■ REQUIRED WORK ■
Please repeat, from the entries that follow, the lines from the one containing "Колекційна статуетка корова" through the one containing "Pióro Parker 45 flighter" exactly, adding nothing.

■ TASK INPUT ■
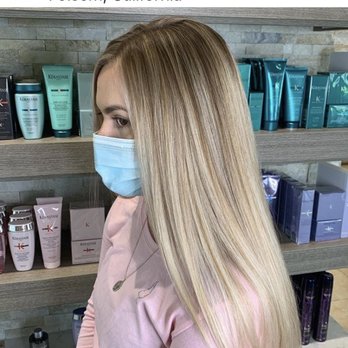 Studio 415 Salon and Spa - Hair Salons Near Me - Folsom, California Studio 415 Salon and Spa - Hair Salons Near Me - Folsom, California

...

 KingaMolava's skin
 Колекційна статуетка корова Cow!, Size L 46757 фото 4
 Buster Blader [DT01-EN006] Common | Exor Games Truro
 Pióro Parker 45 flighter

■ ANSWER TO THIS TASK ■
 Колекційна статуетка корова Cow!, Size L 46757 фото 4
 Buster Blader [DT01-EN006] Common | Exor Games Truro
 Pióro Parker 45 flighter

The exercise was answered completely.